Col. Ahmed al-Taie from Mosul’s Nineveh Operation command told Reuters on September 10 that the Iraqi army was holding the women and children under “tight security measures” while “waiting for government orders” as to how to deal with them, including women he described as having been “deluded” by “vicious IS [Islamic State] propaganda.”

On September 12, the Norwegian Refugee Council stated that it would no longer manage the Hammam al-Alil site, where Iraqi military forces were present, because it could not be considered a humanitarian facility.

A KRG spokesman confirmed the suicide attack on August 28, but denied that Peshmerga forces had carried out the alleged extrajudicial killings.

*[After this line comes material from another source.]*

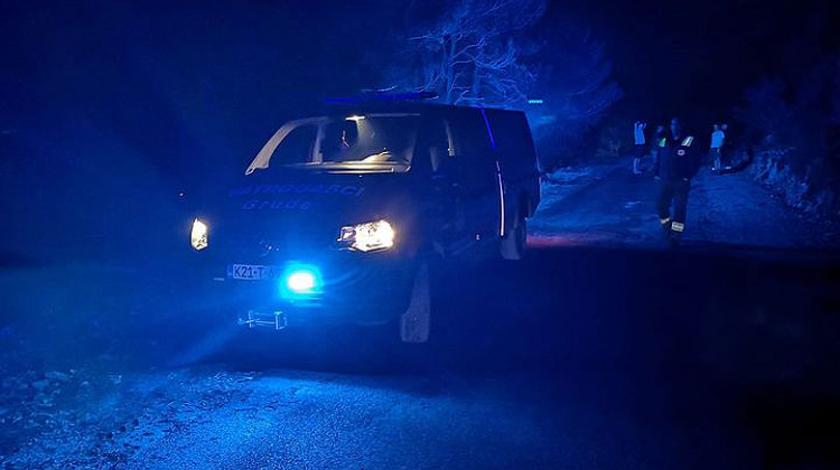 Strašna nesreća: Vatrogasci sjekli automobil da izvuku poginulu osobu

He said Peshmerga forces shot a man on August 30 because he was armed and carrying a bomb and threatened to kill a Yezidi captive and Peshmerga forces. The official said the Peshmerga had turned over to Iraqi security forces all the people who surrendered. Bodies found in Mosul since October 2016 suggested some Iraqi forces had extrajudicially killed suspected ISIS members there.

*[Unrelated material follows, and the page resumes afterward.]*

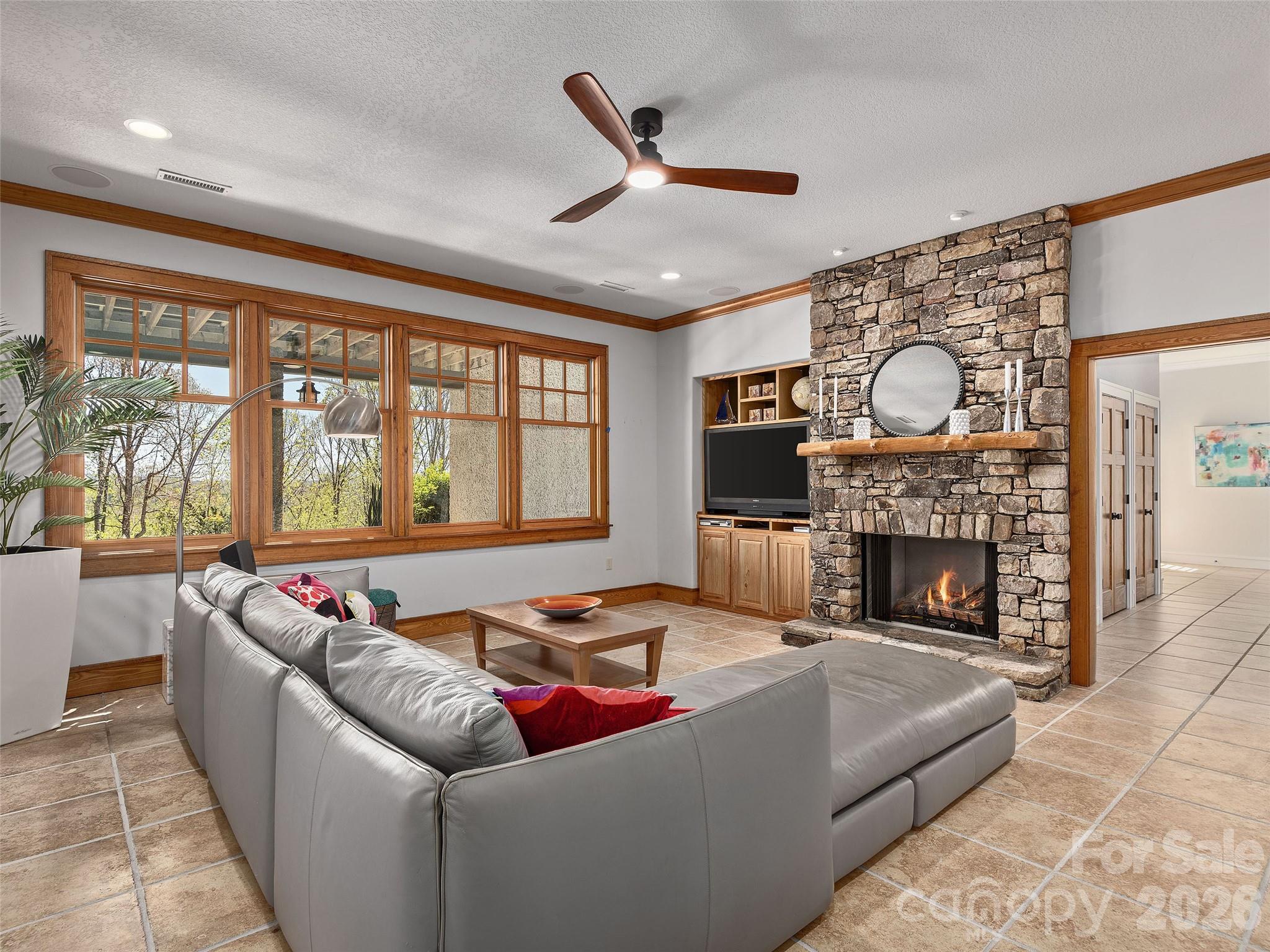 457 Coopers Hawk Drive — Asheville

On September 16, Prime Minister Haider al-Abadi of Iraq stated in an interview that most of the women and children were not guilty of a crime, and that his government was “in full communication” with their home countries to “find a way to hand them over.” Human Rights Watch confirmed with humanitarian sources on September 18 that none of the women and children detained since late August at the Hammam al-Alil site had been repatriated.

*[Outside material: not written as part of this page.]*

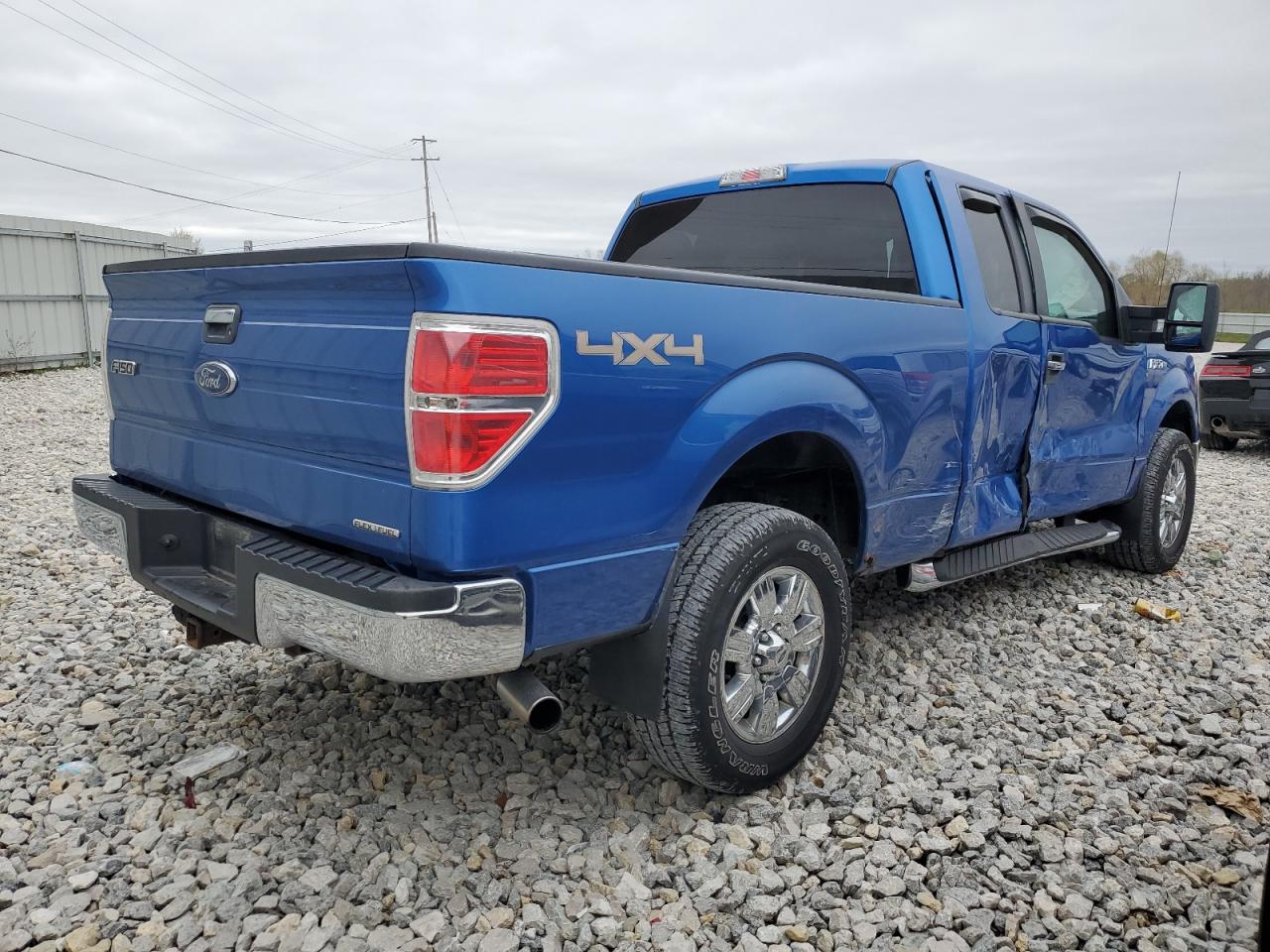 Photo 2 VIN: 1FTFX1EF4CFB08311 - FORD F-150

Iraqi and KRG criminal justice authorities should investigate all alleged crimes, including unlawful killings, by any party to the conflict in a prompt, transparent, and effective manner, up to the highest levels of responsibility. Those found criminally responsible should be appropriately prosecuted.

Iraq should confirm the whereabouts of the missing men and boys, prioritize prosecution of ISIS members found to have committed the worst abuses, and consider alternatives to prosecution for people whose only alleged crime is ISIS membership or who entered Iraq illegally through Syria.

The Iraqi authorities should clarify the legal basis for holding the women and children, ensure all detainees are either charged with a crime and brought promptly before a judge, or immediately released, and are informed of their right to request consular assistance if they choose. Many of the foreign women apparently entered Iraq illegally, but not all are necessarily ISIS members. Iraq should work with international agencies to safely return foreign women who are not charged with a crime to their home country while considering the best interests of their children, taking into account the possibility that the mothers might be imprisoned. The government and international agencies should urgently identify durable solutions, including resettlement to third countries, for released women and children who cannot safely return to their home countries, including Syrian nationals.

While Iraq is responsible for ensuring the safety and security of the women and children, their home countries’ and other foreign embassies have a key role to play in finding durable solutions, including potential third country resettlement.

“The Iraqi government should ensure the women’s safe repatriation, asylum or resettlement if they release them, or fair trials if it charges them with violating Iraqi laws,” Van Esveld said. “It would be a terrible irony if children, who were notoriously victimized by ISIS, were forced to pay with their future for ISIS’s crimes.”